Here on the home front, there's another war going on – this one against our kids' education.

Racial-equity warriors are canceling Advanced Placement courses and eliminating honors programs all across America. In some schools, they're doing away with homework deadlines, attendance requirements and test scores. We're told these changes will make school more inclusive for underperforming black and Latino students.

Dismantling the school meritocracy is insane. It robs students – especially kids from low-income and immigrant households – of their best chance to get ahead.

Parents at LaGuardia HS in Manhattan were notified last week that the school's AP Calculus course doesn't meet College Board standards. Students taking the course to prepare for the AP Calculus exam and apply to college just got sabotaged.

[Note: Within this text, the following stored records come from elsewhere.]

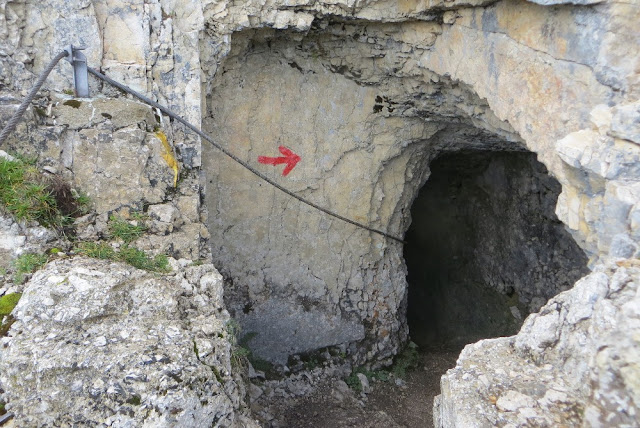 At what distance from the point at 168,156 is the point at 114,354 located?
4.23 ft

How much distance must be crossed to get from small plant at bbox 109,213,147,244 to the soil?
6.38 feet

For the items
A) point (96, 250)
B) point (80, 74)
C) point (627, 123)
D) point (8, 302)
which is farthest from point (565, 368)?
point (80, 74)

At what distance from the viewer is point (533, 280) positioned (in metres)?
5.71

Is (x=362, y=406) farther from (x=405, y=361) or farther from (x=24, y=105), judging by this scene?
(x=24, y=105)

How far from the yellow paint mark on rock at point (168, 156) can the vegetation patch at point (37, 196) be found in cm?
48

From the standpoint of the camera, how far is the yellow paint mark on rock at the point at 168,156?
9.39 feet

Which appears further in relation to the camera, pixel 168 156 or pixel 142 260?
pixel 168 156

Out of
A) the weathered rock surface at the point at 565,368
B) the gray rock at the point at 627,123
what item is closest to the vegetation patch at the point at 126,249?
the weathered rock surface at the point at 565,368

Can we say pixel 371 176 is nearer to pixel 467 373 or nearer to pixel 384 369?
pixel 384 369

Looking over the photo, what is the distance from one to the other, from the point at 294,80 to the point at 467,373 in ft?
9.39

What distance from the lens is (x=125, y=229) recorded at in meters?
2.58

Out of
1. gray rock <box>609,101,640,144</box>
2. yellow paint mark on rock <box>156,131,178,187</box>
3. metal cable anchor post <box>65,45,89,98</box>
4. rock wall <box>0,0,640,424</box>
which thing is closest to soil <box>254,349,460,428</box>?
rock wall <box>0,0,640,424</box>

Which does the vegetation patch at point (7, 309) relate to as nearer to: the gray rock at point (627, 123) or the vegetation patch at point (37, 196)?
the vegetation patch at point (37, 196)

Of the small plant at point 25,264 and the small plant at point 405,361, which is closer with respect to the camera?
the small plant at point 25,264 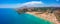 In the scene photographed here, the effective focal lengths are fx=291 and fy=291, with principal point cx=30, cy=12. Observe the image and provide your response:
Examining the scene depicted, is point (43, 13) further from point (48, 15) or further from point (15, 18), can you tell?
point (15, 18)

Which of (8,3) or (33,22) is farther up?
(8,3)

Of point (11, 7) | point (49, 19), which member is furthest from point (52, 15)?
point (11, 7)

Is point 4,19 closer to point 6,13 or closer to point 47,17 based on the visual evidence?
point 6,13

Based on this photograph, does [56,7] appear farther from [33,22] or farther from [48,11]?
[33,22]

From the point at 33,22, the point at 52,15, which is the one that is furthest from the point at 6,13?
the point at 52,15

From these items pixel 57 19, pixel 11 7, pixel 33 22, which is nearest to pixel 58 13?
pixel 57 19

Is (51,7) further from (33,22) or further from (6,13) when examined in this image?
(6,13)

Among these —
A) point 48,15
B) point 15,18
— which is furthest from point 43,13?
point 15,18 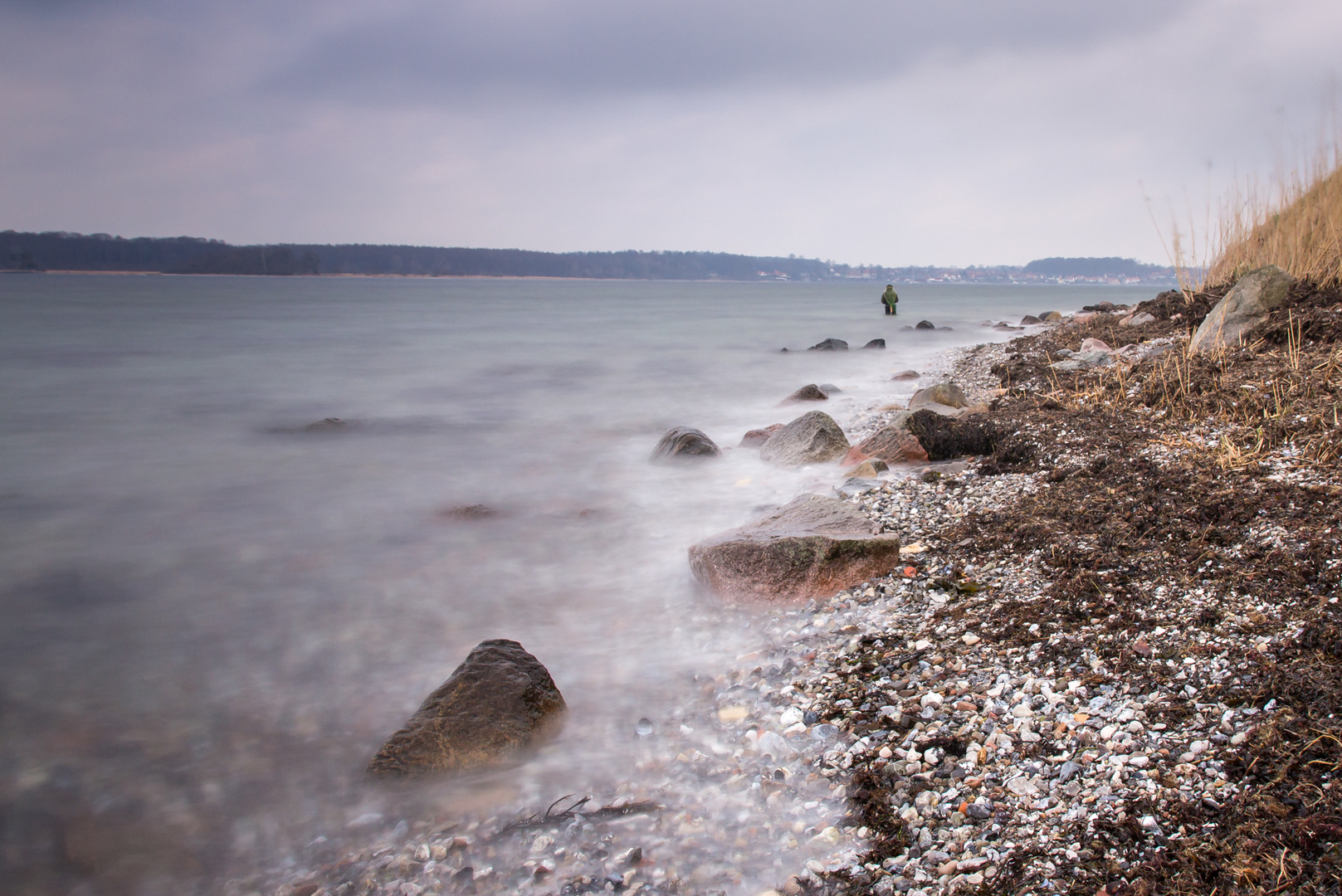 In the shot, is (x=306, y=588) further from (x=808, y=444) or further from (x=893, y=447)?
(x=893, y=447)

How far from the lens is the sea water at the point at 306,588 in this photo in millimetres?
3486

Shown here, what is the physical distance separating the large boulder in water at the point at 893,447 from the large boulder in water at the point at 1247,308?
3587 mm

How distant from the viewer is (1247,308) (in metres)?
8.68

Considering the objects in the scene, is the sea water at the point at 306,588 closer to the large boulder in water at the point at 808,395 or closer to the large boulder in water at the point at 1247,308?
the large boulder in water at the point at 808,395

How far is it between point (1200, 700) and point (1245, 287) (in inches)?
323

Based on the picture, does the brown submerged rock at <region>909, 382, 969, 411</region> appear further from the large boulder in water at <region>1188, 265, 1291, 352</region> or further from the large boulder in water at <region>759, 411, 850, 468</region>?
the large boulder in water at <region>1188, 265, 1291, 352</region>

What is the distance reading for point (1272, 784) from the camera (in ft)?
7.72

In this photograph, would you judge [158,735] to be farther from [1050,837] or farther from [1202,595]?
[1202,595]

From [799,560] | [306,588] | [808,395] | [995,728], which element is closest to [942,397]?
[808,395]

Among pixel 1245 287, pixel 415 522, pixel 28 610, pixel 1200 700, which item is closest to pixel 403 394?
pixel 415 522

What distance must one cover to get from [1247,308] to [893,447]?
4.83 m

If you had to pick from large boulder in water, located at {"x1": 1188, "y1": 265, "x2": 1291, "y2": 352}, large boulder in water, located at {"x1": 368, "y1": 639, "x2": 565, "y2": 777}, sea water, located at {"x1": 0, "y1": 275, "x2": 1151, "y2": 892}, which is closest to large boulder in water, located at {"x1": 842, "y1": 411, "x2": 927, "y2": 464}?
sea water, located at {"x1": 0, "y1": 275, "x2": 1151, "y2": 892}

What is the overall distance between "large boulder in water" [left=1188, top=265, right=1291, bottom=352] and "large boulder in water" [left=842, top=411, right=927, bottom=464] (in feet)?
11.8

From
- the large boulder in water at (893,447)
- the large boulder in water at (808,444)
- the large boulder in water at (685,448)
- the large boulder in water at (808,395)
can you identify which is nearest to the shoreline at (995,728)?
the large boulder in water at (893,447) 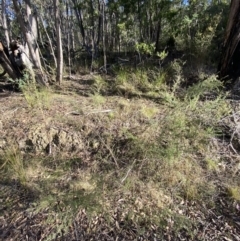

Truth is, LaGuardia's principal, Yeou-Jey Vasconcelos, has been gunning for AP courses since she took the job. Last summer, Vasconcelos told parents that "standardized test scores reflect systemic racism rather than student achievement." Parents knew that was nonsense and thwarted the plan. So AP Calculus apparently got dumbed down instead.

Attacking AP courses and exams is happening everywhere, but it's a nonsensical approach to a serious problem: the huge racial gap in student performance.

We've made progress on ensuring minority students have access to AP courses. Ten times as many black students take AP tests as 20 years ago. But the pass rate is 72% for Asians, 65% for whites but only 44% for Hispanics and a terrible 32% for blacks. Our nation should be deeply concerned, but the answer is to prepare disadvantaged kids in the early grades.

AP courses come near the end of a student's public-school experience. Attacking AP is devastating to students from all backgrounds who are counting on hard work and talent to pave their way into a competitive college.

Sean-Michael Pigeon, now a Yale undergrad, says, "I grew up poor in a single-income household," without opportunities to earn credentials like studying violin, pursuing sports, traveling and working as a summer intern. "I could study, though." He notes, "Testing and academic performance were the best way for someone like me to succeed."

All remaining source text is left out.